Now, take a look at this figure, from the Manhattan Institute:
[A] single electric car battery weighing 1,000 pounds requires extracting and processing some 500,000 pounds of materials.
Obviously the “materials” is earth, which is moved by heavy equipment during the mining process for the minerals needed in the battery—and remember, the excavator “extracting” and “processing” the plastic trash only moved 280,000 pounds. Ergo, we can assume that diesel-powered machinery is roughly in use for almost double the time to procure the materials needed for a single E.V. battery, than it is to run a huge river cleanup project. Considering the magnitude of the impact of a drastically cleaner tributary, it seems like a more worthwhile use of diesel fuel than moving 250 tons of dirt just to make one E.V. car battery, and if the greenies want to cut back on “emissions” it seems like eliminating the juice-isn’t-worth-the-squeeze mining process for rechargeable car batteries is the best place to start.

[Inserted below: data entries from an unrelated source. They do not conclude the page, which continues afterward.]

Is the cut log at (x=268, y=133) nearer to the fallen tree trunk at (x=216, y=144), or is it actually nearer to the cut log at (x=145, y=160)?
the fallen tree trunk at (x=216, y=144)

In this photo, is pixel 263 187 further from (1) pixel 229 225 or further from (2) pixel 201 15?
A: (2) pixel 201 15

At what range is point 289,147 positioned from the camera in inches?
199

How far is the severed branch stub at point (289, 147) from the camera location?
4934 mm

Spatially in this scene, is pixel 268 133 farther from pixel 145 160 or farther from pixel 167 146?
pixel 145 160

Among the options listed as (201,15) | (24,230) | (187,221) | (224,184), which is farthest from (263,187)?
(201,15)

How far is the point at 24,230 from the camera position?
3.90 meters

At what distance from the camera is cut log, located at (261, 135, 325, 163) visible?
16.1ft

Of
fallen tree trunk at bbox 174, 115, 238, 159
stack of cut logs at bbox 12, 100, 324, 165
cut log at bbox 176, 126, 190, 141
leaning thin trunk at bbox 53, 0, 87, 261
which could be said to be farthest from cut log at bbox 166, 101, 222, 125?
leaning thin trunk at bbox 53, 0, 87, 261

I can already anticipate some greenie saying to me (if they were actually clever enough to make the connection), “well, if it weren’t for the petroleum industry, there wouldn’t be plastic pollution!” Yes that’s true, but plastic already exists and people use it, and if the greenies really want to see a change to a less toxic environment (like I do), I’d appeal to them to stop shoring up crony capitalism and government intervention in the free market with their votes and their apathy, since that is the root of all kinds of plastic evil.

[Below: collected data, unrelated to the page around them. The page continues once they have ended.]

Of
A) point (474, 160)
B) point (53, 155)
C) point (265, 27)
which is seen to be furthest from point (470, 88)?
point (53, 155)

What’s funny though, is the inconvenient realities don’t stop with the necessity of diesel fuel to run real projects of environmental restoration. I also see a floating barricade, a technology which required ingenuity, and a dedicated team of workers—someone had to take the initiative and get up and go to work to run that excavator and drive that truck. These are values born out of a Judeo-Christian culture as it encourages resilience, tenacity, individual responsibility, entrepreneurialism, good stewardship, etc.
The “greenies” have a dilemma: environmentalism with an observed and positive impact which is what they claim to want, or keep on promoting leftist “climate alarmism” for the sake of saving face and some pseudo-virtue points?